Iranian-born asylum seeker still faces prejudice after receiving refugee status

Posted on : 2019-06-05 17:20 KST Modified on : 2019-06-05 17:20 KST
Kwon Min-hyeok still struggling to have his father recognized as refugee
Choi Young-ae
Choi Young-ae

“There was an internet post targeting me that remains indelibly etched on my mind. It said, ‘While we can’t just abandon the lives of those who have arrived in our midst, we shouldn’t be taking in black-haired beasts.”

Kim Min-hyeok, a 17-year-old born in Tehran, has been facing constant prejudice and hatred targeting “foreigners” and “refugees” since arriving in South Korea with his businessman father at the age of seven in 2010.

Kim, who received official refugee status recognition in October of last year, said there was “no major difference in the discrimination and hatred I faced before receiving refugee status and now that I have it.” Before he received the status, he encountered prejudice for being a “foreigner” who could not speak Korean; now, he hears remarks about how refugees “are all poor” and “only became refugees to take away jobs,” and how “crime increases when we take refugees in.”

“We’re free to think what we think, but the expression of those thoughts is very hurtful to people,” Kim said.

Kim and his father, who both converted from Islam to Catholicism after moving to South Korea, applied for refugee status from the government in May 2016, unable to return to Iran due to conversion being viewed there as a serious crime according to Islamic law. But the Ministry of Justice denied the request, concluding that the younger Kim’s religious values were “not yet established.” He ultimately requested a review, receiving recognition two years later in October 2018.

“I felt angry about the Justice Ministry and Supreme Court not accepting Min-hyeok’s refugee application, which I thought was unfair,” Kim Ji-yu, a 17-year-old former classmate of Kim Min-hyeok’s at Aju Middle School who campaigned for his refugee status recognition, said last year.

“I called a meeting of the student council, and we submitted a citizens’ petition to the Blue House and demonstrated at the Office of Immigration,” she recalled.

“The process of receiving petitions from students and teachers for his father, who has yet to have his refugee status recognized, has been even tougher than for Min-hyeok,” she said.

“I felt really disheartened when I saw friends and teachers saying things like ‘what do refugees have to do with us?’ or ‘I’m against taking in immigrants.’”

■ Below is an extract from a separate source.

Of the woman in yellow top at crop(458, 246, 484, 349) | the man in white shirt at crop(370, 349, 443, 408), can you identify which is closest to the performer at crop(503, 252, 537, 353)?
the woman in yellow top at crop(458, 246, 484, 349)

In a ceremony at its study center in Seoul’s Jung (Central) district on June 4, the National Human Rights Commission of Korea (NHRCK) announced that it had organized a campaign to establish social support on the issues of hatred and discrimination and improve public perceptions. The campaign’s slogan is “see each person in their own color.” The message is that coexistence is possible if people view social minorities without prejudice, maintaining their own identities in an atmosphere where different individuals are respected.

While attending the declaration ceremony for the campaign that day, Kim Min-hyeok and Kim Ji-yu delivered a presentation in which they talked about the hatred, prejudice, and discrimination encountered in the process of Iranian-born Kim Min-hyeok’s refugee application review, as well as their experiences uniting to resist them.

Oh Hyeon-rok, an Aju Middle School teacher who actively helped out Kim Min-hyeok’s application alongside Kim Ji-yu, called on the NHRCK’s special hatred and discrimination response committee to “emphasize that a lot of refugees are being absurdly and unfairly represented as ‘false refugees’ and enlist intellectuals to participate in the opposition to changing refugee laws for the worse and the fight against hatred and discrimination.”

NHRCK plans to carry out its campaign through different online and offline approaches, including public interest radio spots and SNS hashtags.